As his elders at Jonahville African Methodist Episcopal Zion Church in Huntersville, N.C., had hoped, the film had a profound effect on the young man, a leader in the church’s youth group.

Cooper exited the theater with a buoyed confidence about his dreams after spending two hours watching the futuristic kingdom of powerful black people in Wakanda.

“Being an African-American, it shows you that you can do anything you want to,” said Cooper, 17, who wants to own his own record label and production studio.

Across the country — from California to Chicago to Virginia — members of black churches have bought out theaters for screenings and dressed in their favorite African attire to see a superhero who looks like them. And others, from a New York multicultural congregation to a Detroit Muslim professor, are also tapping into the movie’s messages they hope will be particularly affirming to young people of a range of races and religions.

The Rev. Latasha Gary, Cooper’s youth minister, said 67 people attended the Feb. 16 showing organized by their church near Charlotte, and dozens had to be turned away when they ran out of seats.
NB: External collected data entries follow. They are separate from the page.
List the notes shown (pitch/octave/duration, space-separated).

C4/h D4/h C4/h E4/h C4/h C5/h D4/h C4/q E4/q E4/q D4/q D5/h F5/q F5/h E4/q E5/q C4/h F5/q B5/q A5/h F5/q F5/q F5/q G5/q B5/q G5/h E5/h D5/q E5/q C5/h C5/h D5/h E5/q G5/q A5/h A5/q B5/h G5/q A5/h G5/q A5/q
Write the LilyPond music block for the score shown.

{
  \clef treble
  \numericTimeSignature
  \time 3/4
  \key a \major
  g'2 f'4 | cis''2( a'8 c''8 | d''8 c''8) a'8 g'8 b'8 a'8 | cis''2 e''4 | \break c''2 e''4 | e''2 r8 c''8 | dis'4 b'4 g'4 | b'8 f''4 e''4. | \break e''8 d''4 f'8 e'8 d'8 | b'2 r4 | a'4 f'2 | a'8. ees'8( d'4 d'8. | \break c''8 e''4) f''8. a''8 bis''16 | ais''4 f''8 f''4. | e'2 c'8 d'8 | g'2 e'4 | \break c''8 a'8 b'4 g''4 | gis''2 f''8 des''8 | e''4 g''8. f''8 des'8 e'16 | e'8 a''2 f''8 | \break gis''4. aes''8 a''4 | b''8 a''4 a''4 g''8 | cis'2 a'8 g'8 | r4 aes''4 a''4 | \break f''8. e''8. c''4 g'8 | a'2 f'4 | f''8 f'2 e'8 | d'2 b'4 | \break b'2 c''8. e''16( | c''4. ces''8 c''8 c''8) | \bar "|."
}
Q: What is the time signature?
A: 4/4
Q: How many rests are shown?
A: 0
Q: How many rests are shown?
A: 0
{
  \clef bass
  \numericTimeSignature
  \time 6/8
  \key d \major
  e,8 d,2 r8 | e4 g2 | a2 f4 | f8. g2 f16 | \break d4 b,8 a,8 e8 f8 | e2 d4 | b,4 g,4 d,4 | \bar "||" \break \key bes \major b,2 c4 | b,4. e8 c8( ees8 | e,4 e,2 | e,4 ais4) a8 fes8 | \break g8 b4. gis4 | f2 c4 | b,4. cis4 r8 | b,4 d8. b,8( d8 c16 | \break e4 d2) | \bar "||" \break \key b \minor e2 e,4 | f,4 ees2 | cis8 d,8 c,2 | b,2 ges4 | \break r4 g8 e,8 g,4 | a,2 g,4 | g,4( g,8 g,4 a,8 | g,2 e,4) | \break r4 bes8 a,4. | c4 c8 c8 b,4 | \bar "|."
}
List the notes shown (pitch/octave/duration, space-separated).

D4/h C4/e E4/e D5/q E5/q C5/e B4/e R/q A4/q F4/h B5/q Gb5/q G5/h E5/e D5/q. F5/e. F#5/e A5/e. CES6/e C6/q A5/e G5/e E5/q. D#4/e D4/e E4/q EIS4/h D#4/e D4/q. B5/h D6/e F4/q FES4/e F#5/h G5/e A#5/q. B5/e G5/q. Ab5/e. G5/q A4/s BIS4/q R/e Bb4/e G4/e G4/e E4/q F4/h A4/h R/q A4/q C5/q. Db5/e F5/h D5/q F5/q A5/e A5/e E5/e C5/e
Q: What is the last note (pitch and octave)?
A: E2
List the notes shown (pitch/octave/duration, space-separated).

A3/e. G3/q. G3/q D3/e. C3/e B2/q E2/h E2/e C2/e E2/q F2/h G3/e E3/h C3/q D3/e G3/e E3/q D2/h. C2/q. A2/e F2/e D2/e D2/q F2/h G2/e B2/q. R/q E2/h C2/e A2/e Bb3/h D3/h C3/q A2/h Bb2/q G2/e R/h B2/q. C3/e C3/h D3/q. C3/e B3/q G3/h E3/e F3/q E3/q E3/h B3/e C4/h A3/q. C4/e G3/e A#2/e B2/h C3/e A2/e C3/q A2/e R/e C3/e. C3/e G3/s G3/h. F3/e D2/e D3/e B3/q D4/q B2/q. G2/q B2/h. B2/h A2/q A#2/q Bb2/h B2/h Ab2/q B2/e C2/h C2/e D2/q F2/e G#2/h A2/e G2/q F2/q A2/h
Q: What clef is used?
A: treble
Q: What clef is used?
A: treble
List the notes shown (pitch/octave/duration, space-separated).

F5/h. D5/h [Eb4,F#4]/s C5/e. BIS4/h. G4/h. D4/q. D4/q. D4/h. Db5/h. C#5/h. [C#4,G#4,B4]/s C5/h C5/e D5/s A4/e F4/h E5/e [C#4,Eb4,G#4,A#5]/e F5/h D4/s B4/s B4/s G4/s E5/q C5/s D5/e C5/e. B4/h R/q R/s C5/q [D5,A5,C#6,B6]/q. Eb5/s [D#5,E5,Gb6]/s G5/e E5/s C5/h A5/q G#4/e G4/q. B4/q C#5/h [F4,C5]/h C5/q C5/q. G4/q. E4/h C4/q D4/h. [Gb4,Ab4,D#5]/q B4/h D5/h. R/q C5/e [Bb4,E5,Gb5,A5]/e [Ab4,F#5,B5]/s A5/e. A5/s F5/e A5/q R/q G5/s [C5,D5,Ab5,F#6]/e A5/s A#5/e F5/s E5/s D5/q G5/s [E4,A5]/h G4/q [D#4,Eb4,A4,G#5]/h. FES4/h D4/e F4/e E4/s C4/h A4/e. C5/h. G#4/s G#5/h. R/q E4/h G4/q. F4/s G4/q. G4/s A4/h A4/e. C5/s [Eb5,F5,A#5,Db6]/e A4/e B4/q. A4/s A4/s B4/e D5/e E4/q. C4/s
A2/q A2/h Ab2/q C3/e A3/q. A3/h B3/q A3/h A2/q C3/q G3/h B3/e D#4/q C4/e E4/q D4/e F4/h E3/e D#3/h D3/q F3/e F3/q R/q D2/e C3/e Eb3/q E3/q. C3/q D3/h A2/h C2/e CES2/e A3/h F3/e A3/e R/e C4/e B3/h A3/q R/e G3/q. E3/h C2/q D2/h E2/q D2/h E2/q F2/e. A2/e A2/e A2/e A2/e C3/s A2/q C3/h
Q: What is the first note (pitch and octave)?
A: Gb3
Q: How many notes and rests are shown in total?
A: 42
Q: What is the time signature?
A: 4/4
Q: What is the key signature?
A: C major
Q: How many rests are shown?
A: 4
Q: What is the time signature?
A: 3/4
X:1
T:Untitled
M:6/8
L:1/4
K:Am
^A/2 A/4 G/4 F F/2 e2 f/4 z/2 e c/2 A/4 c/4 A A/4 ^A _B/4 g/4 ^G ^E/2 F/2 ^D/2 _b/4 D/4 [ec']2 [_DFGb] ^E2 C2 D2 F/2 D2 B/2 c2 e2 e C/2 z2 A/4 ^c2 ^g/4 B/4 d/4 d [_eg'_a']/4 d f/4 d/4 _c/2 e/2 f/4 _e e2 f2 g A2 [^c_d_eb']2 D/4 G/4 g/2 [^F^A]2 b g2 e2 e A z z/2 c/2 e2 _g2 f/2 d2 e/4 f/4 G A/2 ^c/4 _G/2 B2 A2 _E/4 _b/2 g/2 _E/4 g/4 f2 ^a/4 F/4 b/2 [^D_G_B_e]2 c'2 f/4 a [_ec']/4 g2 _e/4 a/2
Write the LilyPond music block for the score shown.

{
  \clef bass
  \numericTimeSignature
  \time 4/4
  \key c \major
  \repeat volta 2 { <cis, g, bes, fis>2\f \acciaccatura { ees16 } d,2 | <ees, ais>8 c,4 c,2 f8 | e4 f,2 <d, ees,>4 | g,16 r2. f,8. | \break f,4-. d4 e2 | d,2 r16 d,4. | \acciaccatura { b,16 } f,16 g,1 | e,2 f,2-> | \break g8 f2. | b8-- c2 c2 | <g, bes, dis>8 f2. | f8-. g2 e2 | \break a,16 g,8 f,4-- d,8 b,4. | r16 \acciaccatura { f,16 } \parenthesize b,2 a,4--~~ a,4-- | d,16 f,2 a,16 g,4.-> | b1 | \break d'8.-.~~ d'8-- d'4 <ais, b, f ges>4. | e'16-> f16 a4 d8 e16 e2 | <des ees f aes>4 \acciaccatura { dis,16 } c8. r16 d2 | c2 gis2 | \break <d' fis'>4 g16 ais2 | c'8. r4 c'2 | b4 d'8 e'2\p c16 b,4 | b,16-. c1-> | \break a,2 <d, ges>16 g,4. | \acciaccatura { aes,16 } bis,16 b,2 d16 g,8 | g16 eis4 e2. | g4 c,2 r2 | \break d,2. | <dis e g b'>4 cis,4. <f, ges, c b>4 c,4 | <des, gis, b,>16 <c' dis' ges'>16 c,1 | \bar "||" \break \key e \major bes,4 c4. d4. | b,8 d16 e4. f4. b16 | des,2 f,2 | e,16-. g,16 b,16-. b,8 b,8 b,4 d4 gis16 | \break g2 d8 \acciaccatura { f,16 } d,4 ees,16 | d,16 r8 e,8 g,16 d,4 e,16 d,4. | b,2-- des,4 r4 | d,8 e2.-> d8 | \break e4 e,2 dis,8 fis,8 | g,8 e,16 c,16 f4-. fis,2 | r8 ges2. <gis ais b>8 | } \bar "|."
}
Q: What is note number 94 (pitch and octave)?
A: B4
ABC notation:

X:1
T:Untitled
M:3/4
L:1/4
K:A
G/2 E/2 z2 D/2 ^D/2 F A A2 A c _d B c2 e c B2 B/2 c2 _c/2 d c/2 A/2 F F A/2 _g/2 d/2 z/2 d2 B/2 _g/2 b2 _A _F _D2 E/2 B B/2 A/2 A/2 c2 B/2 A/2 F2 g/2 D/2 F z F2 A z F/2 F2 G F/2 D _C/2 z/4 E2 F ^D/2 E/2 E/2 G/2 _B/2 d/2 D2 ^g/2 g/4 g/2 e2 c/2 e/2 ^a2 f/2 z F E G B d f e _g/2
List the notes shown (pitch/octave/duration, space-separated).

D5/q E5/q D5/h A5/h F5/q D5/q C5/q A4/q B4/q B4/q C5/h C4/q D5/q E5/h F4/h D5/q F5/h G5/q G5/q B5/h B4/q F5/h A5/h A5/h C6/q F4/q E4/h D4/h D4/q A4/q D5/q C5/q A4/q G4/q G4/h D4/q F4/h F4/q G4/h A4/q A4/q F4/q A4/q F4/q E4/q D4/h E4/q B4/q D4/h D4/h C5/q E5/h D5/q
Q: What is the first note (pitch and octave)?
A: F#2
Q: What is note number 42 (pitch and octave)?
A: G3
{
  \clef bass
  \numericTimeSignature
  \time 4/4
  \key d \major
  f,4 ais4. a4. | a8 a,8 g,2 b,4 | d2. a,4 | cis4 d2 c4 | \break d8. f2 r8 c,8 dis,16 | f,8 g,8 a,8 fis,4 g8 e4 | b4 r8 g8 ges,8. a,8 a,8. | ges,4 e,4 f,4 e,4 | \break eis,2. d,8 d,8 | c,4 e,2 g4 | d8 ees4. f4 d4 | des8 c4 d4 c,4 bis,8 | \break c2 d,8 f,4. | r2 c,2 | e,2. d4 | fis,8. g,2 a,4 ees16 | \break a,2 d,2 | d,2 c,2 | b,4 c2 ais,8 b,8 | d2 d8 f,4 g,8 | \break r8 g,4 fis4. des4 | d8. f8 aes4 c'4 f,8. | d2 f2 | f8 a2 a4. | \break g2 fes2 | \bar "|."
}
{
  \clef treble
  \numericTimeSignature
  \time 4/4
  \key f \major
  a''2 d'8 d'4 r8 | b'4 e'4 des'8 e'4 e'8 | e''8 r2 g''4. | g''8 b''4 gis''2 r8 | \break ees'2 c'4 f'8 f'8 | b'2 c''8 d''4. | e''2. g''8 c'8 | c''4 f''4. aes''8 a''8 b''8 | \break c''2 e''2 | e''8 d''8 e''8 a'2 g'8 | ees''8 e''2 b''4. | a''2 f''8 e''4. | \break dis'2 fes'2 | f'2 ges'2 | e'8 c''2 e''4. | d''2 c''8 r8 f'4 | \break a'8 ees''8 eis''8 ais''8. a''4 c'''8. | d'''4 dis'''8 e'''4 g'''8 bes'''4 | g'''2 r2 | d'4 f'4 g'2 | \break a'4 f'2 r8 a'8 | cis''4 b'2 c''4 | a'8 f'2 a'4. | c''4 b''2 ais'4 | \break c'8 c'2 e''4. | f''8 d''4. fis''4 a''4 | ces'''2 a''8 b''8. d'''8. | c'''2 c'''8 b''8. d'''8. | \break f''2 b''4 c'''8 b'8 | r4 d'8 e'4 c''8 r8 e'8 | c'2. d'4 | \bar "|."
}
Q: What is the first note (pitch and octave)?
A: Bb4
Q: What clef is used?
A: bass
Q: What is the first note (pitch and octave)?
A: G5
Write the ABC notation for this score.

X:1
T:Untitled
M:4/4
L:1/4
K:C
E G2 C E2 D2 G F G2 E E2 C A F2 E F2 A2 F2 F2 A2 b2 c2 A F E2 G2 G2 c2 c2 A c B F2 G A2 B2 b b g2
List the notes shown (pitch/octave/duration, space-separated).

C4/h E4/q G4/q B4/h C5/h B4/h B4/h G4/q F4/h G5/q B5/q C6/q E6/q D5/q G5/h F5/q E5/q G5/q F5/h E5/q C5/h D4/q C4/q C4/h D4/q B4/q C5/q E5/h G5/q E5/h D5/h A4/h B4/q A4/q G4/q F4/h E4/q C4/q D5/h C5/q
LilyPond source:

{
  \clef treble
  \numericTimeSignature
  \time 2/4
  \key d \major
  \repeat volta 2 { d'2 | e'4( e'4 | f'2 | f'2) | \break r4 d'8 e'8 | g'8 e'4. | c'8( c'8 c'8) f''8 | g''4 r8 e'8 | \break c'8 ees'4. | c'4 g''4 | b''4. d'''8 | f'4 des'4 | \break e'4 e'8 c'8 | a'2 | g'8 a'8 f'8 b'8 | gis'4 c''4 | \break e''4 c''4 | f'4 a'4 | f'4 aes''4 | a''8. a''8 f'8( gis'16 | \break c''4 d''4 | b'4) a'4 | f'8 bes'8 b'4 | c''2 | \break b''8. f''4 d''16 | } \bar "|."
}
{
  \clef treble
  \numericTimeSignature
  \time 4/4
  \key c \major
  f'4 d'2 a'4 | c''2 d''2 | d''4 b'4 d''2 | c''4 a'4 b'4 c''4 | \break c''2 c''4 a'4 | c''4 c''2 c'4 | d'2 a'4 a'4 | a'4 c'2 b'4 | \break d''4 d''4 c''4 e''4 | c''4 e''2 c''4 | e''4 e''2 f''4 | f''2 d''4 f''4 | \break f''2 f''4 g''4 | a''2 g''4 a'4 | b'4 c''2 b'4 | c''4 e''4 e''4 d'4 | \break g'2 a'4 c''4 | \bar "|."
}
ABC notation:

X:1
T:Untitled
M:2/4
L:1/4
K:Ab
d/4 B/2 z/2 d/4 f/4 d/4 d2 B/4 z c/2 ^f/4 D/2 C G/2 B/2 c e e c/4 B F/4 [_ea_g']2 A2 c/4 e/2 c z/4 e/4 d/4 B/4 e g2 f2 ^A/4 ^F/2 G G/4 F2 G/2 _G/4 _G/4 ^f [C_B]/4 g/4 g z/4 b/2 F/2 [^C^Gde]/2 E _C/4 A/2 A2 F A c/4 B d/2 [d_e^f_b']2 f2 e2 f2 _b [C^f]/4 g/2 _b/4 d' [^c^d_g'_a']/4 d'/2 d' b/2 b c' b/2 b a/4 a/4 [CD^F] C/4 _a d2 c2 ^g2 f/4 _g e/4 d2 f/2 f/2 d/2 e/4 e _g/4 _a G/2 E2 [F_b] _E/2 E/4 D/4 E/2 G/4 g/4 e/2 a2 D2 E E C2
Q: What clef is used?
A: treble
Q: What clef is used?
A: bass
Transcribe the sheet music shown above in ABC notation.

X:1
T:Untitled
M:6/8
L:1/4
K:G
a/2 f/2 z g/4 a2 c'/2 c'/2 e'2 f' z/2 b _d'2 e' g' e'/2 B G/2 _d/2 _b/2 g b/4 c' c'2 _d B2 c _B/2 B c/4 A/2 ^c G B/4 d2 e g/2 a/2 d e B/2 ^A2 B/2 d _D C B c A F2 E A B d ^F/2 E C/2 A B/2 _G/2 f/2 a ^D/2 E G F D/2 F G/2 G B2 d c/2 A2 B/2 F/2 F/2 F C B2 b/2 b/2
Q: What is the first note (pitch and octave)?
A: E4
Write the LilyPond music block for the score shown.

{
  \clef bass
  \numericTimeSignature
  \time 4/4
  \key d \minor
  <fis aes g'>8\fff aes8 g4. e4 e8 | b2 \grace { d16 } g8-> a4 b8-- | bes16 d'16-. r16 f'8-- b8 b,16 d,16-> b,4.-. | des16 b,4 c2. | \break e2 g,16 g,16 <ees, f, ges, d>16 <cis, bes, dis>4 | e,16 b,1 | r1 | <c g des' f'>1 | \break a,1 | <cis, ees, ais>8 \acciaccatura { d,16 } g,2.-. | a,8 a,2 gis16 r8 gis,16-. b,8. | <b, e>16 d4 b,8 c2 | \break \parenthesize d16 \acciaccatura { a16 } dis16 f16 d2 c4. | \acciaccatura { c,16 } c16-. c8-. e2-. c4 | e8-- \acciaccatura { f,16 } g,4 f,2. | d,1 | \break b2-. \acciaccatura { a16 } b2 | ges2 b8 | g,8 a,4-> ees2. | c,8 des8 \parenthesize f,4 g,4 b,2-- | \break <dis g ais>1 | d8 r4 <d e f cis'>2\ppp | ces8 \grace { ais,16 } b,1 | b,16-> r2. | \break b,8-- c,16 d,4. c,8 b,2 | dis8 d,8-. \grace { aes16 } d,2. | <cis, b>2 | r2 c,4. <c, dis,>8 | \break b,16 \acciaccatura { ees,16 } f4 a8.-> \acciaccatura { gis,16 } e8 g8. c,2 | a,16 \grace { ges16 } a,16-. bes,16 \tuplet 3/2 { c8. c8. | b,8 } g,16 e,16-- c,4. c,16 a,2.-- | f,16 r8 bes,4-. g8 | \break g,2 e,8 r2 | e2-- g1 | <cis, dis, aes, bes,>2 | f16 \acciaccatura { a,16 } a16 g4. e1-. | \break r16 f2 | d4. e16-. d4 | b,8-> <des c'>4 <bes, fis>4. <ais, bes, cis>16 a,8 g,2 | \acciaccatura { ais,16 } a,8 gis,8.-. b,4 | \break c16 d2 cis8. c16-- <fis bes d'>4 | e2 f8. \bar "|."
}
Black youth get tired of seeing negative depictions of people of their own race in movies, said Gary, who wore a yellow and brown African dress to the movie showing. “When we found out that this was going to be an epic tale that actually was written by black writers, costumes designed by black costume designers, we were just, like, ‘We have to go see it.'”

While the movie tells a fictional story, some religious leaders said its lessons about generosity and brotherhood and sisterhood promote their values. Some also saw specific ties to their faith.

“It’s not a perfect movie but it has so many affirming messages,” said the Rev. Warren H. Stewart Sr., pastor of Phoenix’s First Institutional Baptist Church, which organized an outing to see the movie. Among them, he said, were “mutual respect and affection toward one another, being made in God’s image and likeness. Even with the death of the star … I saw immediately the concept of death and resurrection, the fact that he came back to life.”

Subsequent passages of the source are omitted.